1) excerpt from 'Two released without charge after Birmingham anti-terror raid'

2) Only in a democracy can you cry 'police state'

3) excerpt from 'Muslim unrest as police carry out new raids'

4) Irish show muslims solidarity

5) Muslims are now getting the same treatment Jews had a century ago

6) from the archives: Are Muslims becoming the new Irish?


excerpt from 'Two released without charge after Birmingham anti-terror raid'

Times Online, 7 February 2007

The two men released this morning after being held in Birmingham on
terror charges claim that police told them nothing about any alleged
plot to kidnap or behead a British Muslim soldier.

In a statement issued through their solicitor, Gareth Peirce, they
added that they are "convinced" that the other seven men being held by
police are innocent and should be released straight away.

"They have left the police station without any better understanding of
why they were there than when they first arrived seven days ago," Ms
Peirce said.

"Not a word was ever mentioned to either of them about a plot to
kidnap or the grisly suggestion of a beheading or even of a soldier at
all. Both have been met with a consistent refusal over seven days for
any explanation for their arrest. They are convinced that others in
the police station must be as innocent as they and urge that they also
be swiftly released."


Only in a democracy can you cry 'police state'

leading article, Daily Telegraph, 9 February 2007

Distressing though it must have been for Abu Bakr to have been
arrested and questioned in connection with an alleged terrorist kidnap
plot, only to be released without charge a week later, it hardly
warranted his intemperate reaction. "It's a police state for Muslims,"
he opined. The fact that he had been released from custody and was
able to make his preposterous statement on national television rather
argues the opposite.

Abu Bakr's paranoia (fuelled, of course, by the swarms of human-rights
activists these cases inevitably attract) got short shrift from both
Tony Blair and David Cameron yesterday. The two party leaders robustly
asserted that his treatment actually showed the law working as it
should in a liberal democracy. What we were, in fact, witnessing from
Mr Bakr was another minor excrescence of the sense of victimhood that
comes so readily to many Muslims because of the community isolation
multiculturalism has malignly engendered.
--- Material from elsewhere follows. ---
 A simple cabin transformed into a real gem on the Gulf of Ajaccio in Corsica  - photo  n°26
The row also exposes the wider problem of policing the Muslim
community during anti-terror inquiries. The Forest Gate arrests last
summer that resulted in no charges being brought left the police
facing inevitable (and quite specious) claims that they were pursuing
some sort of vendetta against the Muslim community. In last week's
West Midlands sweep the police sought to avoid such accusations by
leafleting local Muslims to explain what they were doing. This, in
turn, generates justifiable irritation in non-Muslim communities,
which point out, with some justice, that they do not get placatory
leaflet drops when some of their own have their collars felt.
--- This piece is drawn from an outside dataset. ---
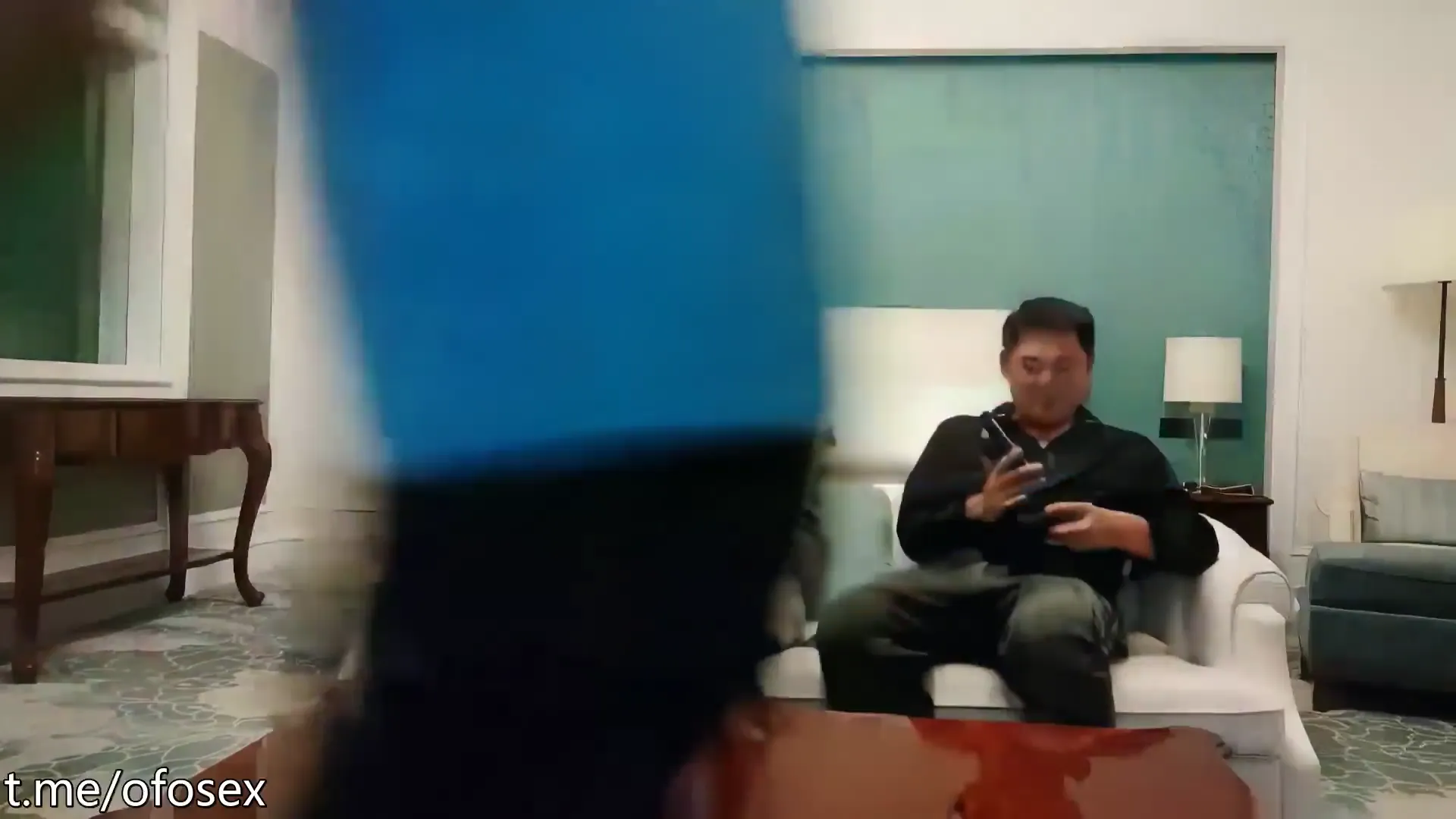 共进晚餐后到酒店交换夫妻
In fact, the police deserve our sympathy for they have scant choice in
the matter. The Race Relations (Amendment) Act 2000 imposes a
statutory obligation on the police (and indeed all other public
bodies) to take active steps to promote racial equality. The
legislation was, of course, drafted in response to the Macpherson
inquiry into the death of Stephen Lawrence, which concluded that the
Metropolitan Police was "institutionally racist".

This legal requirement means the police are being pulled in opposite
directions when investigating terrorist plots. Whether Muslims like it
or not, these tend to be focused on their community because Islamic
fundamentalism is the threat we face. So the police are obliged by the
law to do everything in their power not to offend Muslim sensibilities
– while being expected by the whole community to catch terrorists
before they can act. This places them in a hopeless double bind that
no law-enforcement agency should be asked to tolerate.
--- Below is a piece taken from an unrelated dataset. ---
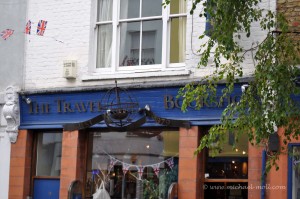 Der berühmte Travelbook Shop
excerpt from 'Muslim unrest as police carry out new raids'

by Nick Britten and Nigel Bunyan, Daily Telegraph, 4 February 2007

Yesterday, Dr Mohammed Naseem, the chairman of Birmingham Central
mosque and one of the city's most senior Muslims, said members of his
faith were being persecuted by the Government and compared the current
political climate to Nazi Germany.

Mr Naseem, who will address a public rally this afternoon, used Friday
prayers to accuse Tony Blair of "persecuting" Muslims to justify
counter-terrorist legislation.

He said: "They have invented this perception of a threat. To justify
that, they have to maintain incidents to prove something is going on.
There is dismay and people feel they are being persecuted unjustly.

"There is no reason for that. If there is a reason, the process should
be open and for everybody to see what is happening."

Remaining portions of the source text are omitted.